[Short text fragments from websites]
*-*-*
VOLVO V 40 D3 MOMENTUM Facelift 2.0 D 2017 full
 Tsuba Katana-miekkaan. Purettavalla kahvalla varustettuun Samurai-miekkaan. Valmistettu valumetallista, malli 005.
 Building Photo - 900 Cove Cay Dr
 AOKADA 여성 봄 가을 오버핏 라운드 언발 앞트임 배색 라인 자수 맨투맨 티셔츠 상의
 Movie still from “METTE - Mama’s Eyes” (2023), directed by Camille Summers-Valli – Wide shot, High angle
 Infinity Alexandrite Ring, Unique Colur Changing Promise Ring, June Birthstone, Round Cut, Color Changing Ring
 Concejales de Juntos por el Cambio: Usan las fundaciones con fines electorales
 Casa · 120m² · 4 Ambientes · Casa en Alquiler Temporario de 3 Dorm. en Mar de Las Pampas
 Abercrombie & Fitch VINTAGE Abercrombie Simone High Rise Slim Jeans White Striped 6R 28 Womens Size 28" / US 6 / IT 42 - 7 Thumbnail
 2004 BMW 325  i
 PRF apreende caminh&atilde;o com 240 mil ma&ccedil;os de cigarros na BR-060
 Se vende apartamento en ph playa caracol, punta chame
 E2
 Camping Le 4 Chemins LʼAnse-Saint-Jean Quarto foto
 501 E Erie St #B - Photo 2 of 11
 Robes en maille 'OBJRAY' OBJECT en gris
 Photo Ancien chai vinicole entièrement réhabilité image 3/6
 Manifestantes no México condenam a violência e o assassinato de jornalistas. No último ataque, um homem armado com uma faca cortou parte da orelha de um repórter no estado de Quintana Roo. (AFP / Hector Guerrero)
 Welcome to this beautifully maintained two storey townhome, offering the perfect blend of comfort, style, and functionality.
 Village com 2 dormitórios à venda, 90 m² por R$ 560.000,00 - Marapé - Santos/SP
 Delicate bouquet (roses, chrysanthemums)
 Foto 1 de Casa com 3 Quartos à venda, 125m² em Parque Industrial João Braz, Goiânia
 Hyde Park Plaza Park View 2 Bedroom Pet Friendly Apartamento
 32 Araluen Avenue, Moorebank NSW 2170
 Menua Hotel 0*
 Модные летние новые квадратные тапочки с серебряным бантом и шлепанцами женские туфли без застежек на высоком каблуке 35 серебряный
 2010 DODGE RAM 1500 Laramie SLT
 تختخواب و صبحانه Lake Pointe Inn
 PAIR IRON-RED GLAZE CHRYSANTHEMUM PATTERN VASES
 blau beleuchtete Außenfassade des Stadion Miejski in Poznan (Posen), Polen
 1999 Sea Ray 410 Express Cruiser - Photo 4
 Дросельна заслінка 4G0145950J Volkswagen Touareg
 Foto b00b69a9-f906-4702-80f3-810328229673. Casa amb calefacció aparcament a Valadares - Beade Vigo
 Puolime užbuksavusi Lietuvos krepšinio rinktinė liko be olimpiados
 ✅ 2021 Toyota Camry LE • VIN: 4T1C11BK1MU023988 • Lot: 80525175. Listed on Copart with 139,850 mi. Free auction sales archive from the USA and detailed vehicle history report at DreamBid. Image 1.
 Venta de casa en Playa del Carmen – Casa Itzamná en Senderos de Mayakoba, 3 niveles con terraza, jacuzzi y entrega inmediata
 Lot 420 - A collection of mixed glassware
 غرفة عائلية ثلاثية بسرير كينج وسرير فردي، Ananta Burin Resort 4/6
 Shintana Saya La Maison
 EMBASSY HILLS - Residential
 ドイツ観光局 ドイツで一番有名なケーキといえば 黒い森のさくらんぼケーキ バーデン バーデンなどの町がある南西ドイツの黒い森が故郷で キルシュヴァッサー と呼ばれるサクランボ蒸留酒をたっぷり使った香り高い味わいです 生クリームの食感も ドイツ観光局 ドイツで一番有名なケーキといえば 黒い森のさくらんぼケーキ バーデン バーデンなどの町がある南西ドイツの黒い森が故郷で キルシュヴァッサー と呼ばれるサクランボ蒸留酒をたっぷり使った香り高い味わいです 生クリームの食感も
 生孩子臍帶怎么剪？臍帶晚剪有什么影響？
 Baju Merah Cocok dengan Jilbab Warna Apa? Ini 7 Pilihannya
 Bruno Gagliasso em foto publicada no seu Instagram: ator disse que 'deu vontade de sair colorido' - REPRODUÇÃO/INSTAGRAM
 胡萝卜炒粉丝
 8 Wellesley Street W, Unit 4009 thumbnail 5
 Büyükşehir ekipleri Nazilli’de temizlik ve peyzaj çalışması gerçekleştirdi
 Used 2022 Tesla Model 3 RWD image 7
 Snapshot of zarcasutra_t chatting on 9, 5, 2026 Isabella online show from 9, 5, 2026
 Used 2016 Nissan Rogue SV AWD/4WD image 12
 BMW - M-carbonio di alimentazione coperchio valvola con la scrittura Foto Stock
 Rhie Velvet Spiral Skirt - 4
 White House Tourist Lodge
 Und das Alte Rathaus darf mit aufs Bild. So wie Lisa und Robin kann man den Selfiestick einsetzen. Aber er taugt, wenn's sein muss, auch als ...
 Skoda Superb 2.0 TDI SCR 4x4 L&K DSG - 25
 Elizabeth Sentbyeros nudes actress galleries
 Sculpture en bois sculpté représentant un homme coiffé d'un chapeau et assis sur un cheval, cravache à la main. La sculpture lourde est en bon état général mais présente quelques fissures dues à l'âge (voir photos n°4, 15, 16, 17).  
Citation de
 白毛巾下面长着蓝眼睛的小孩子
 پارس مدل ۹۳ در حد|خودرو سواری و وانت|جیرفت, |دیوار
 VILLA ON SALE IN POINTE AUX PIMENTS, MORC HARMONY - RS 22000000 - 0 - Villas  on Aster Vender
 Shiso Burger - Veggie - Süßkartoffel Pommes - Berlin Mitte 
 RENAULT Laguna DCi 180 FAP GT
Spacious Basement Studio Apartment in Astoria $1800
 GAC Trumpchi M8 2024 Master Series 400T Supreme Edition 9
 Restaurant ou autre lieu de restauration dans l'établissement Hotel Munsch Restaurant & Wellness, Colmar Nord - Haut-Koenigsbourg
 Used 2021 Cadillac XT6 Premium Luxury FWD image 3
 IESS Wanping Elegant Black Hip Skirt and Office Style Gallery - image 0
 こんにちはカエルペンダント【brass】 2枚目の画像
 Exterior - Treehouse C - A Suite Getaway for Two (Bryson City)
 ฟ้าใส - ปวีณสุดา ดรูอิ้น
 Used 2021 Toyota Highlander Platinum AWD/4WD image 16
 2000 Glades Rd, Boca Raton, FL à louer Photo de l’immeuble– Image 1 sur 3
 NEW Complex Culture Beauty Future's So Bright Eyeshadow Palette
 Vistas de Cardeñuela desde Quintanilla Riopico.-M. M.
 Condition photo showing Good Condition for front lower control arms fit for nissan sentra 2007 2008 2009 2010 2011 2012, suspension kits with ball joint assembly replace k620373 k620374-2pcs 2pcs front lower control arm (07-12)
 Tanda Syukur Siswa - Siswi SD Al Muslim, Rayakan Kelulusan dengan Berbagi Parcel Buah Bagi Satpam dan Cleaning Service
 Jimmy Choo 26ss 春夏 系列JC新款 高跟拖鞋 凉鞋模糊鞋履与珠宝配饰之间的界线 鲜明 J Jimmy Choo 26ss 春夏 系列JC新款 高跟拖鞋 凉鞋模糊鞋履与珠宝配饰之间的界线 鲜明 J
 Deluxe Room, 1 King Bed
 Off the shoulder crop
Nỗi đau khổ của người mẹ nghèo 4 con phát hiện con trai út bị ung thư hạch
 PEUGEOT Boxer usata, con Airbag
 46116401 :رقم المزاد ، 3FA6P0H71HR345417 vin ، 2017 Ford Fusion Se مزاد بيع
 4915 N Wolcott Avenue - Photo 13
*-*-*
# PROBLEM STATEMENT
Exactly the lines above from the one with "Модные летние новые" to the one with "Дросельна заслінка 4G0145950J", both included, are to be quoted; leave the rest out.

# TASK RESPONSE
 Модные летние новые квадратные тапочки с серебряным бантом и шлепанцами женские туфли без застежек на высоком каблуке 35 серебряный
 2010 DODGE RAM 1500 Laramie SLT
 تختخواب و صبحانه Lake Pointe Inn
 PAIR IRON-RED GLAZE CHRYSANTHEMUM PATTERN VASES
 blau beleuchtete Außenfassade des Stadion Miejski in Poznan (Posen), Polen
 1999 Sea Ray 410 Express Cruiser - Photo 4
 Дросельна заслінка 4G0145950J Volkswagen Touareg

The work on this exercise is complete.